## What is needed
Retype all of the listing exactly, passing over any picture you find.

## Supplied material
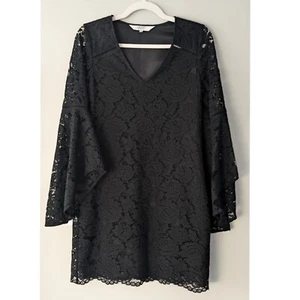 Crosby By Mollie Burch Bell Sleeve Lace Shift Dress Black Size XS - Picture 1 of 7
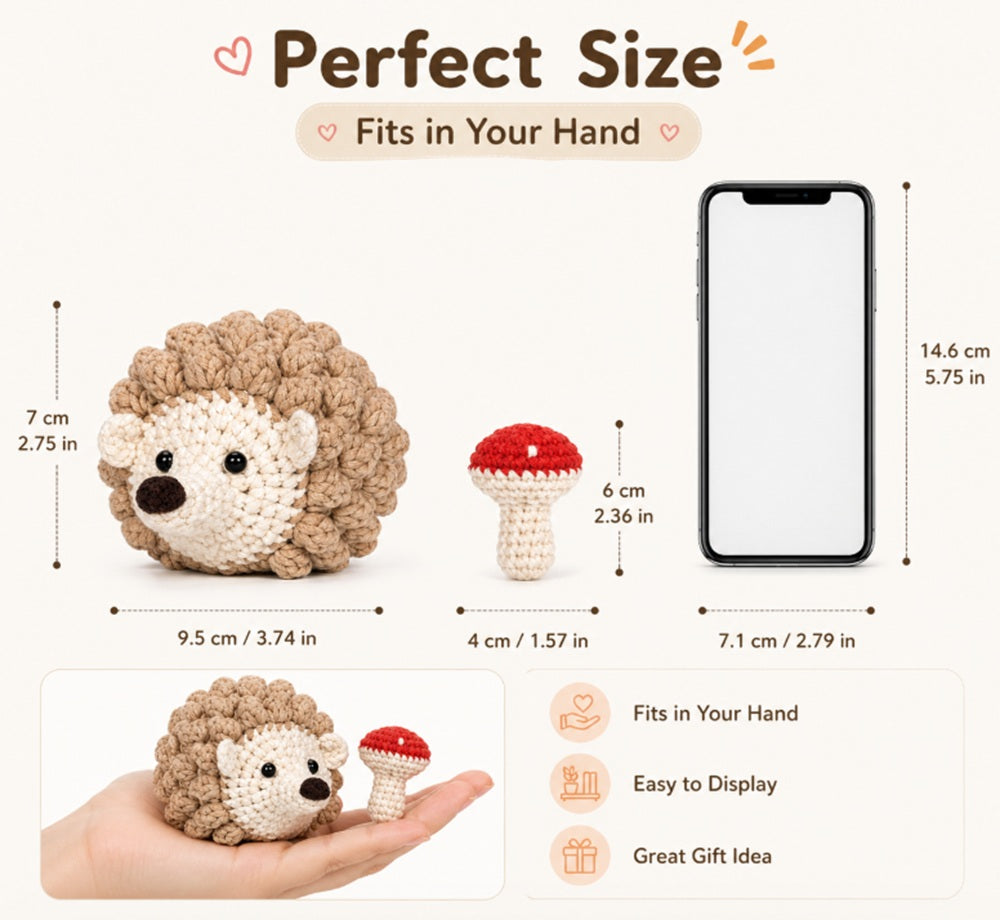 Hedgehog & Mushroom Crochet Kit for Beginners with Video – TIKA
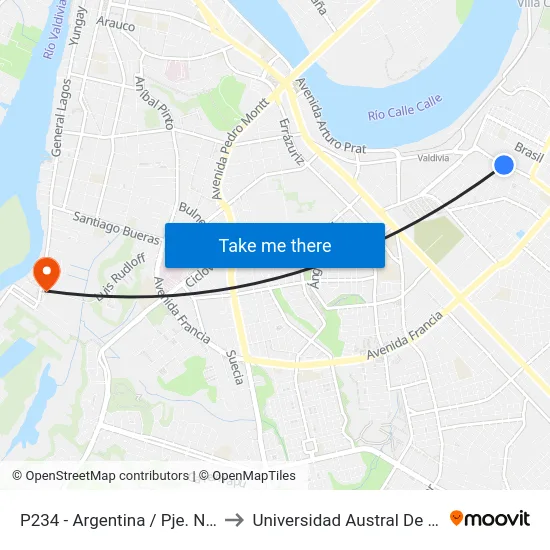 P234 - Argentina / Pje. Niebla to Universidad Austral De Chile map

## Result below
 Crosby By Mollie Burch Bell Sleeve Lace Shift Dress Black Size XS - Picture 1 of 7
 Hedgehog & Mushroom Crochet Kit for Beginners with Video – TIKA
 P234 - Argentina / Pje. Niebla to Universidad Austral De Chile map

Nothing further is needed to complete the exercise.